Overall, when looking back at this lecture of Reclaiming Beauty? I had found it very interesting as I had agreed with what was said about women and how they see themselves. This was mainly when we started looking at the confidence gap but also the dove advert, from this when looking at it myself the thoughts that had gone through my head if I was in that situation would of been the same. This had made me think that us women judge ourselves before we speak. But from this lesson it gave me a clear insight for what body positivity is exactly know as before there were parts that were bit unclear to understand for example the confidence gap.

 

Post 6 – Queering beauty

This week in Politics of beauty, we have been looking at Queering beauty.

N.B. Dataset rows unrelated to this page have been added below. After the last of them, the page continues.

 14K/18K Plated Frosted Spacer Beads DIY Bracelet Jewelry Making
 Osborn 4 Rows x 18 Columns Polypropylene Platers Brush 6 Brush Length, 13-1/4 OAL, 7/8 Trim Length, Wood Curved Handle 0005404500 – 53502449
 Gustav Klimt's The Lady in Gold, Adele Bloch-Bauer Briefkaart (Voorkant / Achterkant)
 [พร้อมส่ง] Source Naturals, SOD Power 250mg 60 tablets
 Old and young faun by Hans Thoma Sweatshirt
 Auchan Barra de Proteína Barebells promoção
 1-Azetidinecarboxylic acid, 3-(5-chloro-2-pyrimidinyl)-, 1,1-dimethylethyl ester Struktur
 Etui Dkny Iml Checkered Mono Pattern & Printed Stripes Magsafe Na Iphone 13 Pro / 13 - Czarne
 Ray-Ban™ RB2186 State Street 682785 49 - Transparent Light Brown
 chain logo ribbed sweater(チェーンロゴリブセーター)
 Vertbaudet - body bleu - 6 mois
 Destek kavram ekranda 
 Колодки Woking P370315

Where we learnt about the gender and desire. But also what intersectionality is and the term of which it is understanding identity.

Discussion:

What if a girl / woman doesn’t have some of these markers of femininity?

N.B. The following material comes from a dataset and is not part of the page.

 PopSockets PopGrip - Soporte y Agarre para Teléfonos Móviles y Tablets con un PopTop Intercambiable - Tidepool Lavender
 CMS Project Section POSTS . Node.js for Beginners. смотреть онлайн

  • They would have less confidence and wouldn’t feel like they are attractive
  • They could be seen as a male and feel like one as they don’t have the female aspects

What if a boy / man does?

  • That they have lost the masculinity and can be seen as more feminine

What does femininity have to do with beauty?

  • You would feel more attractive than if you weren’t feminine then you wouldn’t feel beauty
  • In today’s society you don’t have to feel feminine to feel beautiful

Heteronormative: Ideology which promotes heterosexuality as the normal or preferred sexuality

  • The traditional rules of beauty in the west women and girls must appear at submissive within the tradition
  • Laura Mulvey defines the ideas of beauty feminine to the male gaze.
  • The determining male gaze projects its phantasy on to the female figure which is styled accordingly. – Laura Mulvey 
    • There is a system on how females are seen by male figures
    • Women can practise the male gaze too (By how they look but also with what clothes they can wear)
    • “she holds the looks, plays to signifies male desire”

 

Looking at image 1 this is a case of male gaze due to the fact that the women who is dressed up with shaved legs and bold makeup is lead across the man being submissive showing that he has all the power and that he is in charge of her. Where he’s touching her and allowing him to do things to her.

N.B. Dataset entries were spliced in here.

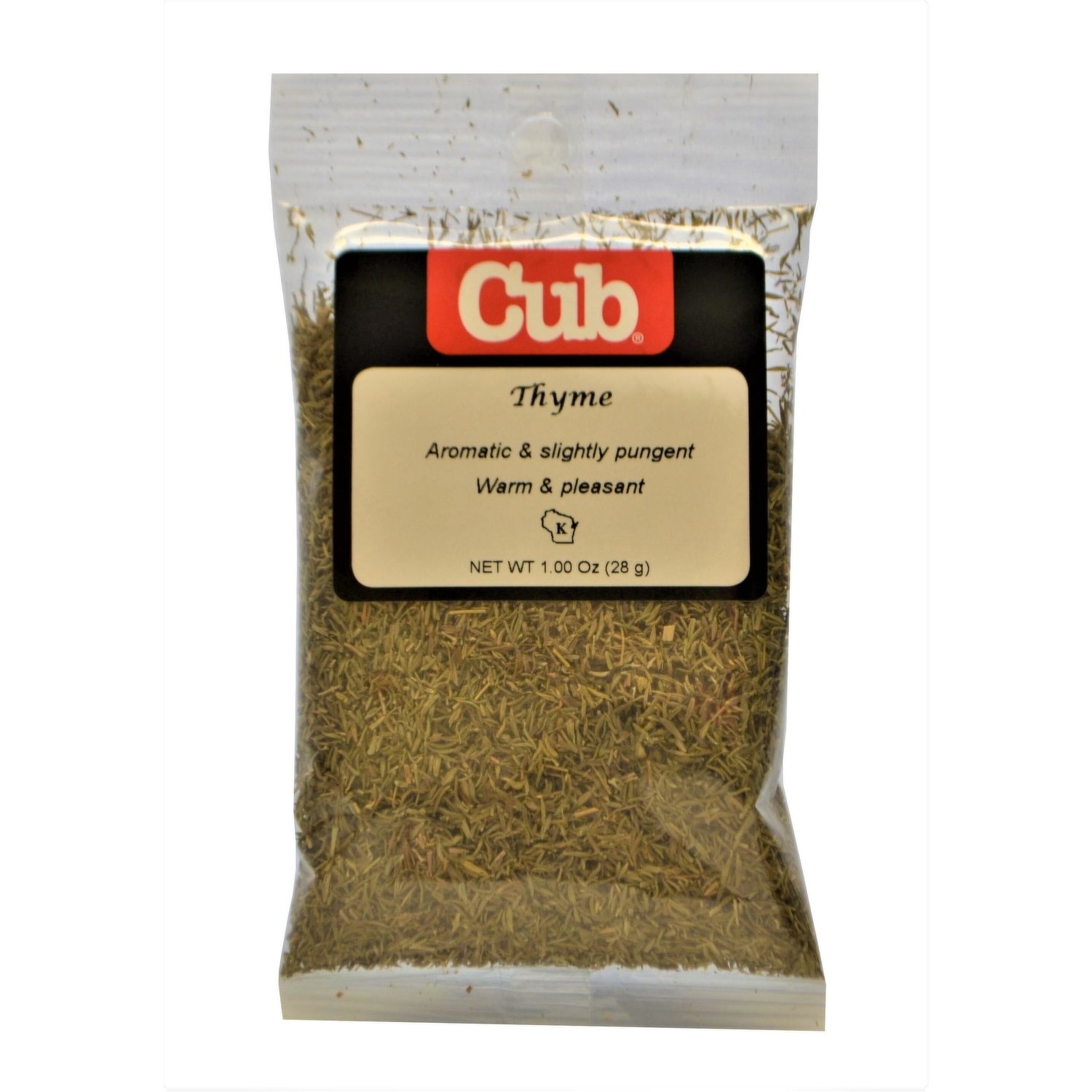 slide 1 of 1, Cub Thyme Spice, 1 oz
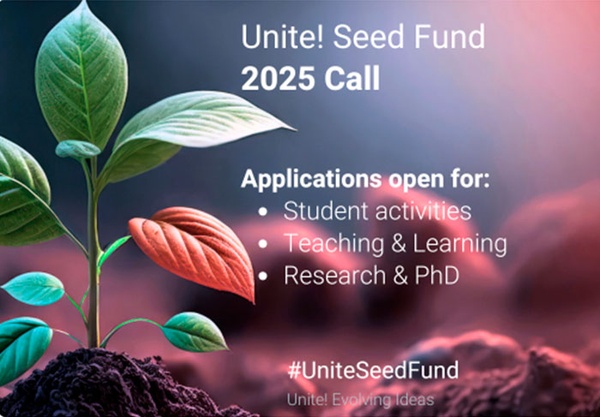 Poster with information of the Unite! Seed Fund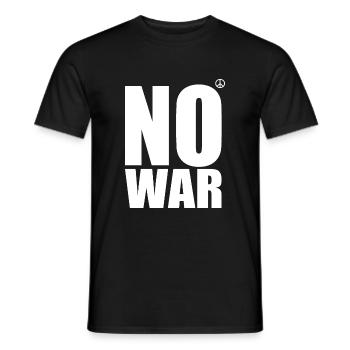 No war - T-shirt homme - noir - Devant - AI Model Male 178 light (178cm)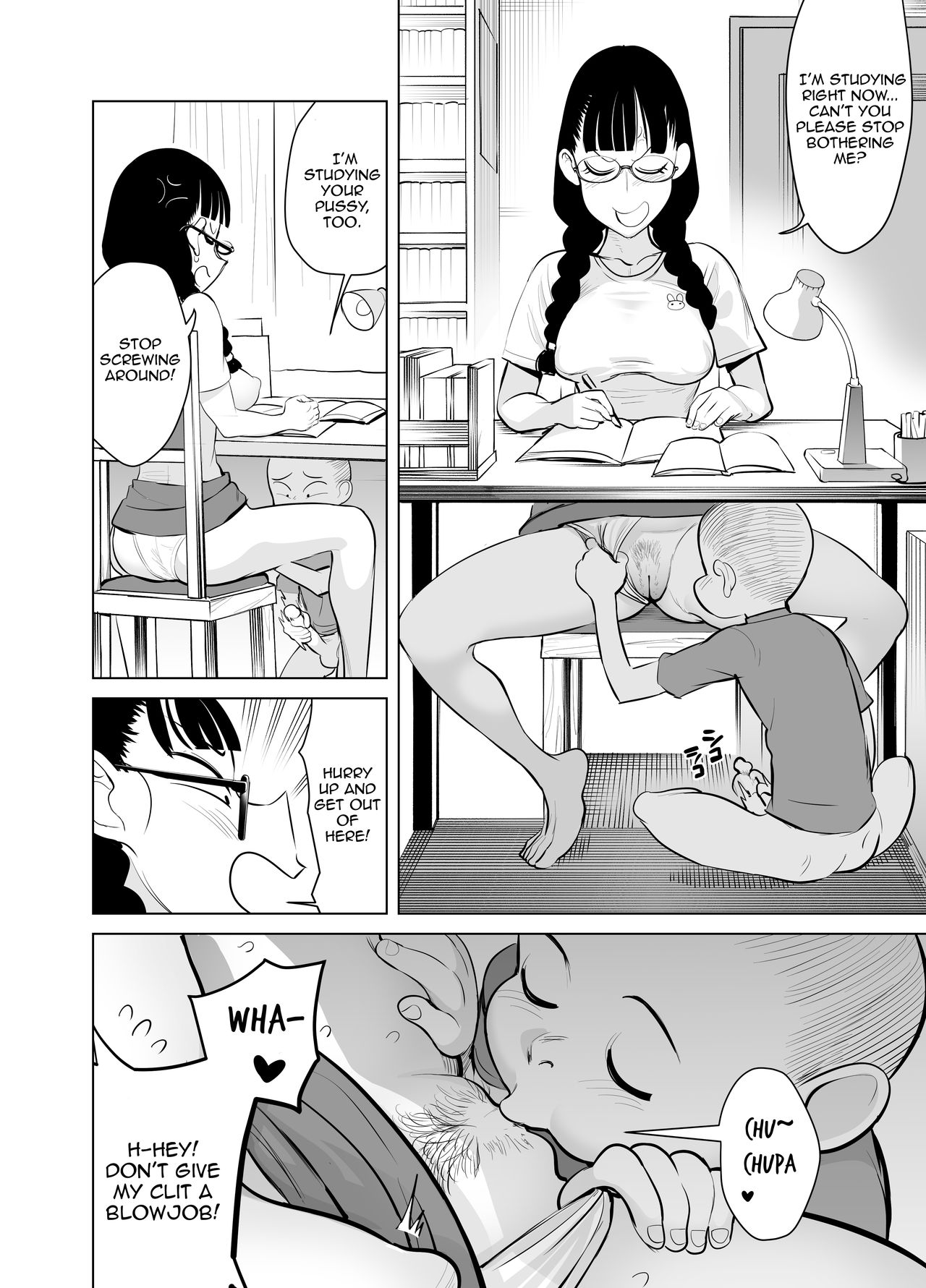 Namaiki na Ane no Ana wa Do Gehin Sukebe Switch page 12 full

Looking at the image 2 called “Judgement of Paris” by Ivo Salinger shows another case of the male gaze due to the the fact that there is only one male who is surrounded by three females, this shows myself that all the females are being submissive to one male showing that they look up to him to be naked in front of him when he is fully dressed and by what it looks like an apple in his hand

  • “In a heterosexist world that continues to tell us that femininity is the ultimate available object for universal consumption and contempt, taking a stand on and through (queer) femininity is both intense pleasure and clear and present danger.”- Ulrika Dahl, Femmes of Power (2008)
    • A example can be if a man wolf whistles at a girl and she ignores it the initial response from the man being ignore can be turned into anger which can lead to violence
    • Doesn’t cause male desire but can be dangerous as it challenges everything in a heterosexist world
  • femininity can be practised on with anyone who has a body
  • beauty doesn’t have to be feminine at all

During this lesson about Queering beauty, I had found that male or female we can all still be judge by our appearances. For example if a male looks more feminine they can be then judged not by their beauty but by what gender they are, but it can be shown in my eyes the femininity can be a big part to people in todays society as we all want to be seen attractive. Another part in the lecture that I had found shocking was that women have to be seen as submissive to men as they have always been seen as superior. From this lesson I had found it challenging in places when it came to figuring out what the passages meant with what the people had said but also easy due to giving points about feminine features.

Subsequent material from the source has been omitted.